Spatiotemporal filtering using matrix exponentials of Kronecker-summed Laplacians \(e^{-\tau_\eta\mathbf{L}_\eta}\mathbf{X}e^{-\tau_\xi\mathbf{L}_\xi}\) elegantly decouples space and time while remaining theoretically grounded and computationally efficient via Taylor truncation.
The intuition that "prior quality determines path length" is mapped to a concrete construction with a theoretical guarantee (non-increasing transport cost), a strategy transferable to other structured conditional generation tasks.
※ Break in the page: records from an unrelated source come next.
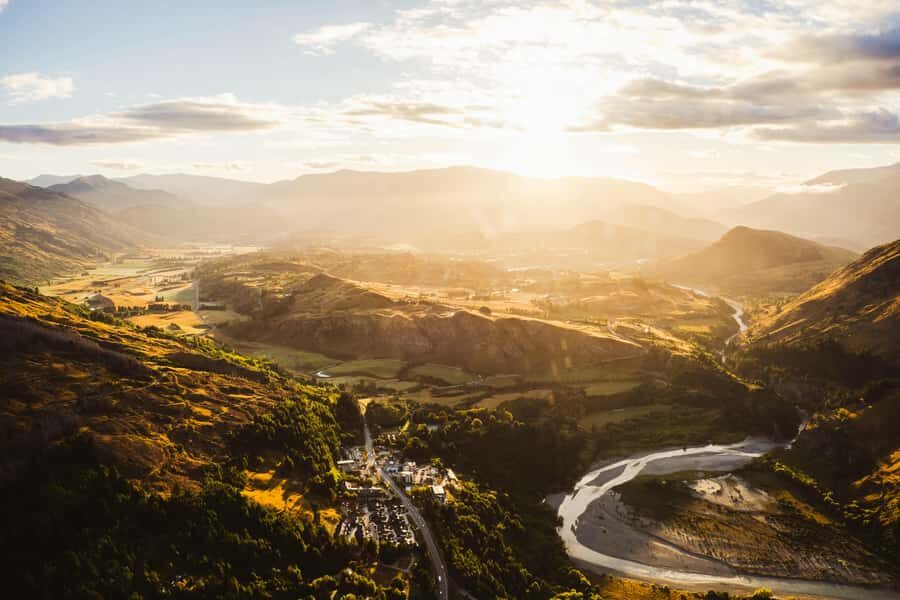 Queenstown: Sunrise Glacier Scenic Flight - Logistics done right: meeting point and parking help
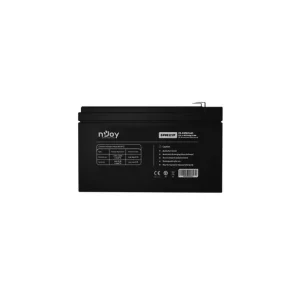 Acumulator UPS NJOY GP09122F VRLA AGM 9A 12V Preț mic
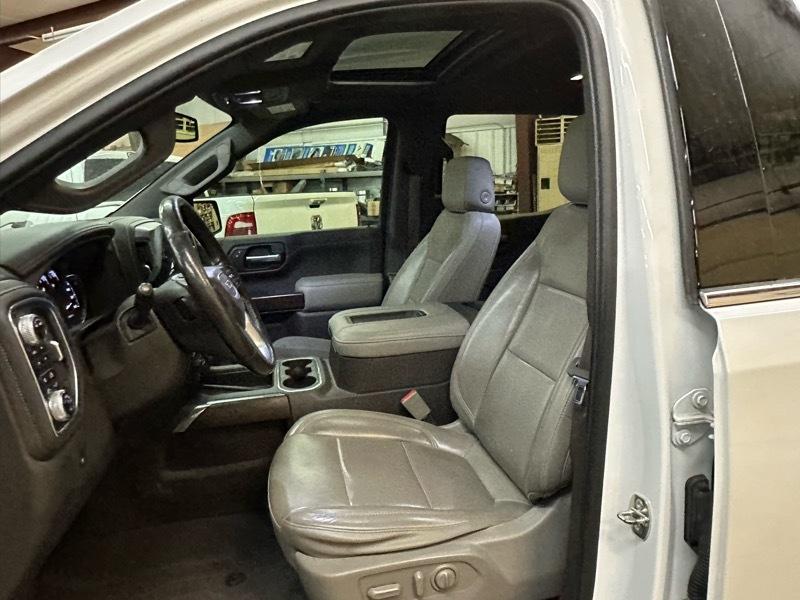 GMC Sierra 1500 SLT Crew Cab Short Bed 4WD 2020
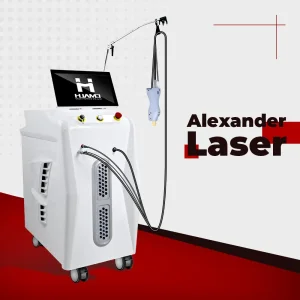Huamei Alex Laser Hair Removal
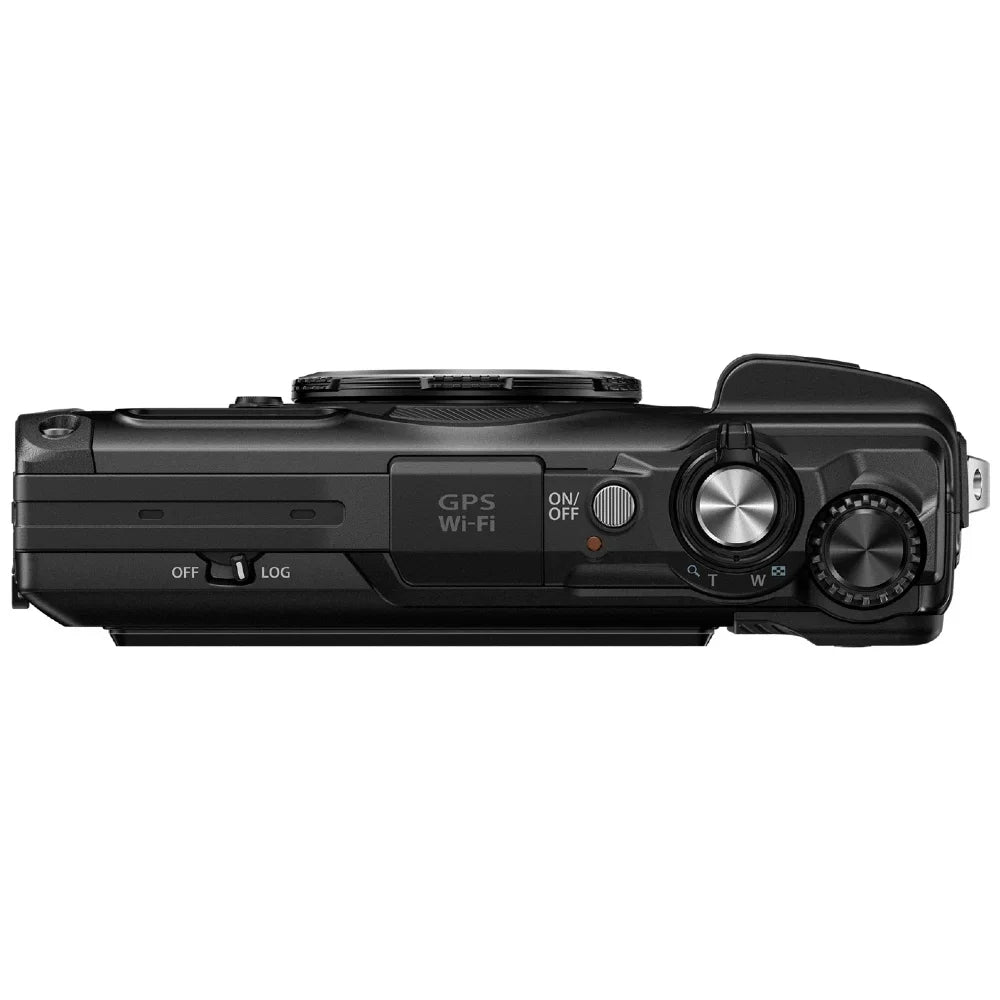 OM SYSTEM Tough TG-7 Adventure kit - nero
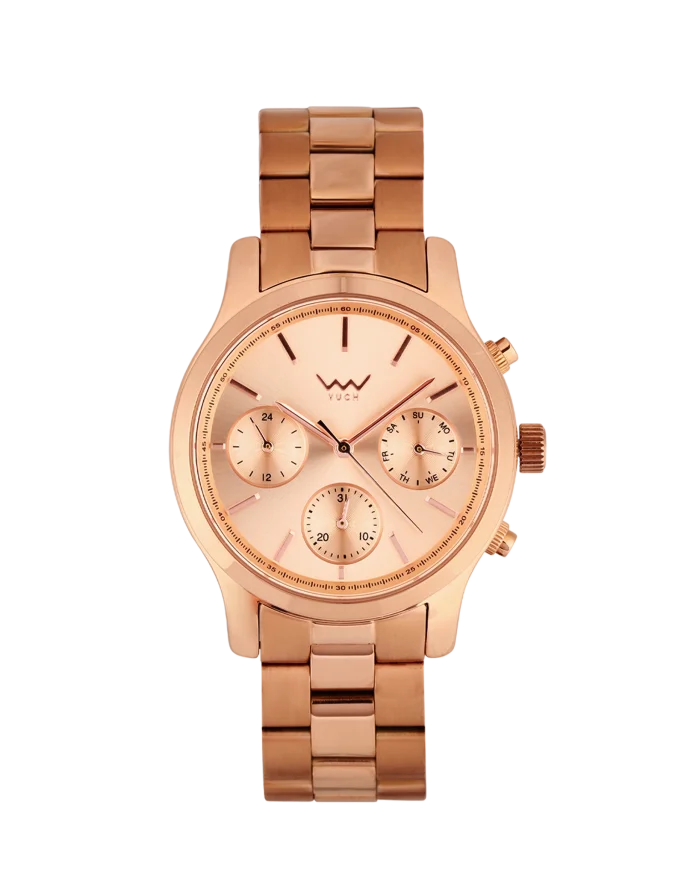 Macy Rose Gold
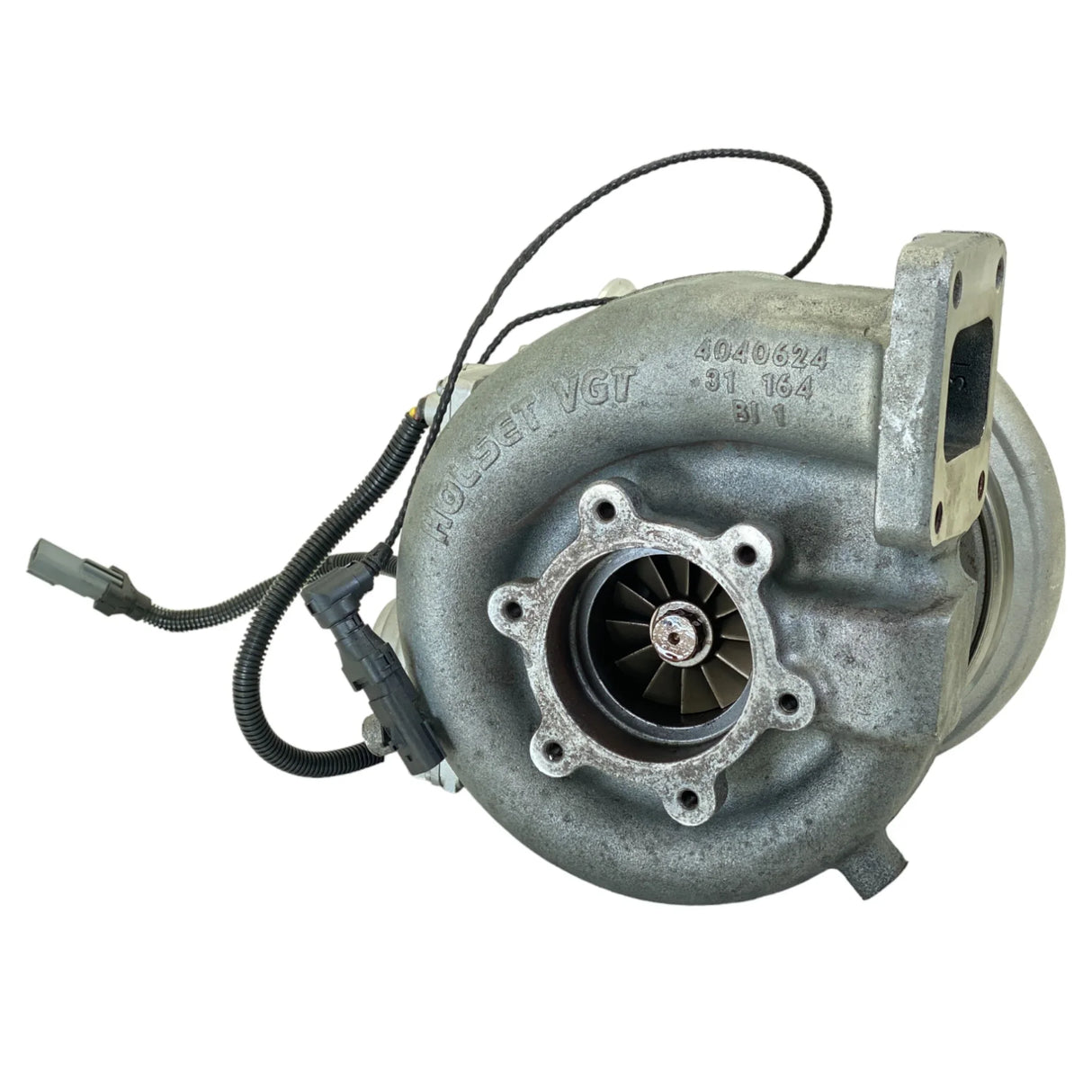 E23539062 Genuine Detroit Diesel Turbocharger For Detroit Diesel Series 60 - Truck To Trailer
Limitations & Future Work¶

The Graph Prior relies on given spatial/temporal graph structures (Laplacian); errors in graph construction may degrade prior quality.
\(\bm\tau\) is optimized on the training set and fixed; robustness to distribution shifts or varying missing patterns requires further investigation.
Deterministic sampling sacrifices uncertainty quantification by default; noise injection is needed for stochastic sampling, and the trade-off is not fully explored.
Validated primarily on structured scenarios (air/traffic); applicability to irregular spatiotemporal data needs verification.

vs. RNN/GNN Iterative Propagation (BRITS/GRIN): These methods propagate estimates step-by-step, leading to error accumulation. GiFlow generates the full distribution conditionally, avoiding this.
vs. Diffusion (PriSTI/CoSTI): Diffusion uses Gaussian priors with multi-step stochastic denoising and sample averaging. GiFlow uses Graph Priors and deterministic flows, which are more efficient.
vs. Vanilla Flow Matching (FM-Gauss): While both use deterministic flows, GiFlow shifts the source from Gaussian to the target-adjacent Graph Prior.

Rating¶

Novelty: ⭐⭐⭐⭐⭐ First to introduce Graph Priors to FM for ST imputation.
Experimental Thoroughness: ⭐⭐⭐⭐ Extensive real-world and synthetic testing across multiple missingness modes.
Writing Quality: ⭐⭐⭐⭐ Clear motivation linking Gaussian prior defects to the Graph Prior solution.
Value: ⭐⭐⭐⭐ High utility for large-scale ST data due to deterministic single-pass sampling.